I just put in y=0 and t=1 getting A+B+1=0 in which case A and B can be anything adding up to -1. The mark scheme i have however gives a mark for the answer being y=e^-2t(t-1)^2 in which case I manipulated this aswer and found that A would equal 1 and B would equal -2.(which contradicts what i thought) Obviously I am missing something either from 3 or something fundamental or this Question is very badly worded or ultimately wrong. Any inputs would be highly appreciated thanks!
• June 9th 2008, 08:01 PM
mr fantastic
Quote:

Originally Posted by i_zz_y_ill
par (iv) (B)* im stuck on, pls bare with me
q1 A solution is sought to te differential eqn

y(doubledot)+4(dot)+4y=2e^-2t
(i)find the complementary function
(ii)Explain why an expression of either of the fomrs ae^-2t or ate^-2t cannot be a particular integral of the D.e. State a correct form for the partcular integral and hence show the the general solution is:

y=(A+Bt+t^2)e^-2t
(iii)It is given that y=0 when t=1 and that y=0 when t=3. Calculate the constants A and B and write the particular solution in factorised form.
(iv)By reference to the previous answer, write dwn the particular solution in the cases
(A) y=0 when t=2 and y=0 when t=7
(B)*y=0 only when t=1

the answer in (iii) was (t-1)(t-3)e^-2t
I can't really see how this relates to (B).
I just put in y=0 and t=1 getting A+B+1=0 in which case A and B can be anything adding up to -1. The mark scheme i have however gives a mark for the answer being y=e^-2t(t-1)^2 in which case I manipulated this aswer and found that A would equal 1 and B would equal -2.(which contradicts what i thought) Obviously I am missing something either from 3 or something fundamental or this Question is very badly worded or ultimately wrong. Any inputs would be highly appreciated thanks!

First of all, I think part (iv) requires finding brand new values for A and B. So your starting point is

$y = (A + Bt + t^2) e^{-2t}$.

You require $(t - 1)^2 = A + Bt + t^2$ since this is the only way that y = 0 only when t = 1. So A = 1 and B = -2.

Incidentally, for the first bit you require $(t - 1)(t - 7) = A + Bt + t^2$ since this is the only way that y = 0 when t = 1 or t = 7 ......
• June 10th 2008, 04:51 AM
i_zz_y_ill
I can't just say i required (t-1)^2 i thought it could be like anything. When for (A) for instance two simultaneous eqns were calculated and A dn B were strictly limited, with (B) however heres only one imultaneos eqn A + B + 1 = 0

in which case there could be numerous answers to (B) do you see what i mean?
• June 10th 2008, 05:22 PM
mr fantastic
Quote:

Originally Posted by i_zz_y_ill
I can't just say i required (t-1)^2 i thought it could be like anything.

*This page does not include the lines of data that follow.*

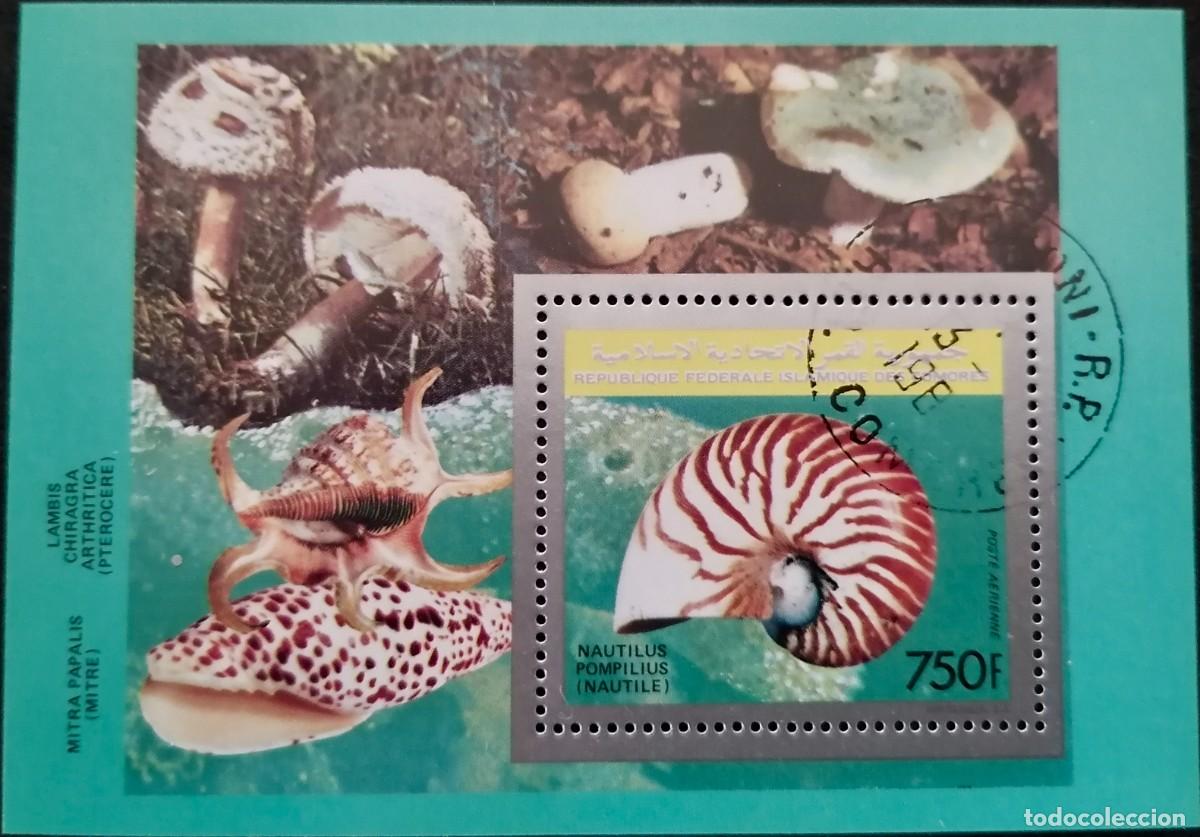 Sellos: COMORAS 1992 - HB NAUTILUS = - Foto 1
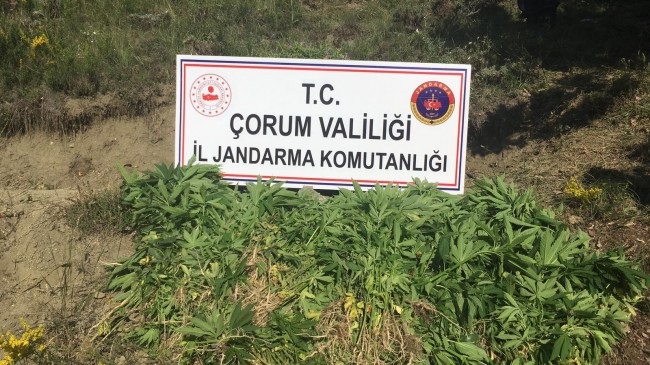 JANDARMA’DAN KAÇAK KENEVİR OPERASYONU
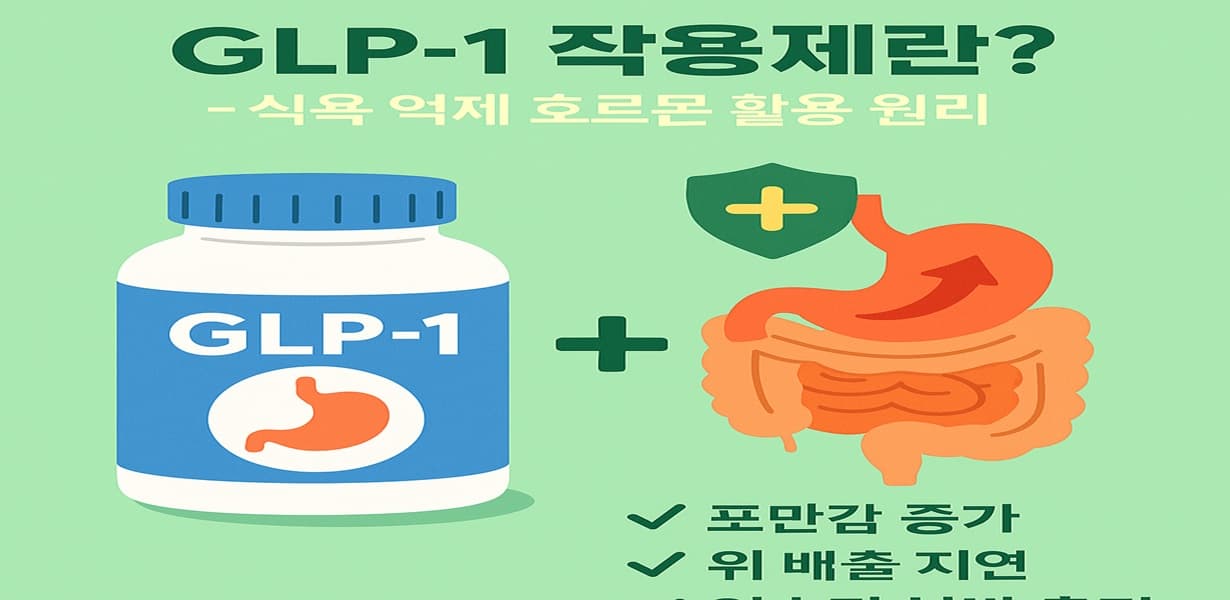 GLP-1 보충제 병과 위장관 다이어그램이 함께 표시된 식욕 억제 호르몬 작용 인포그래픽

When for (A) for instance two simultaneous eqns were calculated and A dn B were strictly limited, with (B) however heres only one imultaneos eqn A + B + 1 = 0

in which case there could be numerous answers to (B) do you see what i mean?

A particular solution has no arbitrary constants in it.

The only way $y = (A + Bt + t^2) e^{-2t}$ can be zero only for t = 1 is in the way that I've already said.